TextIndexNG3 does not return all search results in case the result is ranked.

Our customer observed weired search results (portal search returned different persons for a firstname than a custom searchform did)

By default, TextIndexNG3 is installed with ranking set to True so this potentially affects many users.

The problem is reproducable on one of my testing servers (Data.fs ~4GB, ~8700 records in the catalog) but not locally with a smaller database (likely to be dependent on the number of indexed objects and/or indexed words)

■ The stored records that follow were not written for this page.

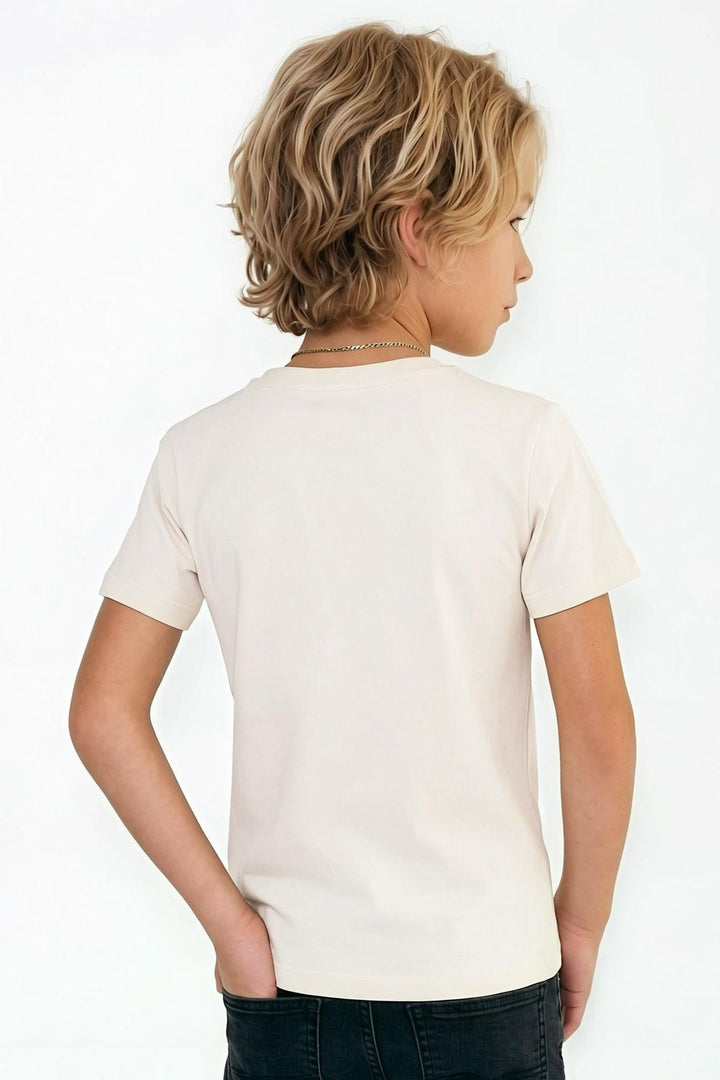 BRE Breeze Erkek Çocuk Tişört Basic 4-8 Yaş, Krem - Caldwell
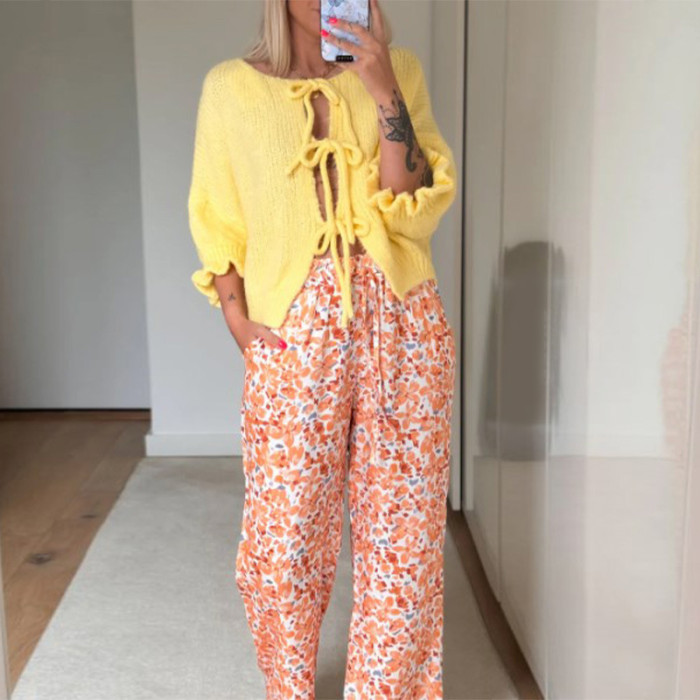 Stylish Casual Yellow Lace-Up Sweater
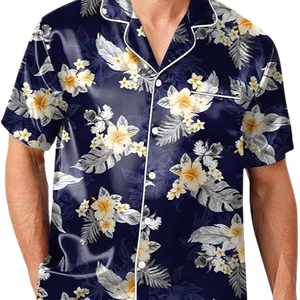 Mens Pajamas Set Silk Satin Sleepwear Short Sleeve Button Down <b>Pjs</b> Set 2 Piece Loungewear with Pockets - Product Image 2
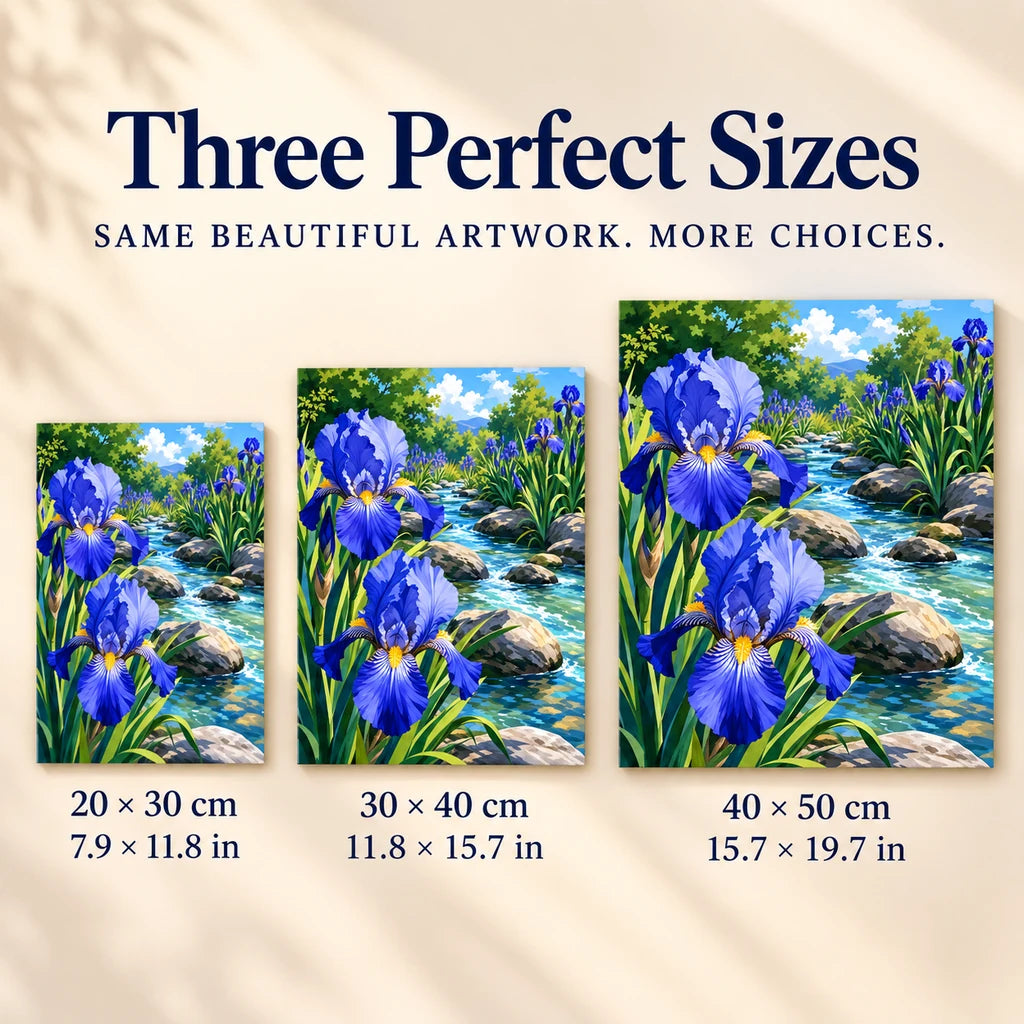 Size guide for Irises Along the Brook: 20 × 30 cm, 30 × 40 cm, and 40 × 50 cm.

The SearchableText (TextIndexNG3 with default settings from TextIndexNG3/skins/textindexng3/txng_convert_indexes.py) does return the person

person.SearchableText()
'heil-clemens-christoph Heil, Heil, Clemens Christoph Hausmeister im LKH Bludenz '

>>> [brain.id for brain in cat(portal_type='KKVAddress', SearchableText='bludenz')]
[]
>>> [brain.id for brain in cat(portal_type='KKVAddress', SearchableText='heil')]
[]

Reindexing does not change anything.

I added additional Indexes with different settings:

SearchableTextFrequNoRank
storage txng.storages.term_frequencies
ranking: False

SearchableTextDefaultStorage
storage: txng.storages.default
ranking: False

Those both return the object correctly

>>> [brain.id for brain in cat(portal_type='KKVAddress', SearchableTextDefaultStorage='heil')]
['heil-clemens-christoph']
>>> [brain.id for brain in cat(portal_type='KKVAddress', SearchableTextFrequNoRank='heil')]
['heil-clemens-christoph']

turning off ranking makes our SearchableText return the object

>>> [brain.id for brain in cat(portal_type='KKVAddress', SearchableText={'query':'heil', 'ranking':False})]
['heil-clemens-christoph']

since this seems to have something to do with the nr of indexed objects the report #1373401 might have had something to do with this
https://sourceforge.net/tracker/?func=detail&aid=1373401&group_id=50052&atid=458418

i'll happily apply patches or try out some tipps on my server if you have any ideas how to fix that

regards, fRiSi

Discussion

  • fRiSi
    fRiSi
    2010-08-23

    this has to do with the ranking_maxhits settings of the index. by default the index only returns the 50 best ranked results in case ranking is set to True (which is the default when replacing the ZCTextIndex with txng3 via the control panel).

    >>> len([brain.id for brain in cat(SearchableText={'query':'heil'})])
    50

    When querying for a certain portal_type and SearchableText both indexes are searched and the result sets get intersected. With the default setting of 50 results for SearchableText this can eaily lead to empty result sets for combined searches.

    possible solutions / workarounds:

    a) change ranking settings within our query,

    >>> len([brain.id for brain in cat(SearchableText={'query':'heil','ranking_maxhits':100})])
    100

    b) change raning_maxhits to a more sane default value

    c) install textindex ng w/o ranking support in your addon package or

    d) (by default in Products.TextIndexNg
    imho the drawback of not getting any results for combined searches (eg via http://plone.org/search_form\) outweights the benefit of returning best ranked results first

     
  • Andreas Jung
    Andreas Jung
    2011-11-25

    • status: open --> closed-wont-fix
     
  • Andreas Jung
    Andreas Jung
    2011-11-25

    Not sure if there is a real solution for this. Since the ranking implementation is expensive (and insanely implemented) there should be an explict low value as of 50...This issue can't be easily fixed.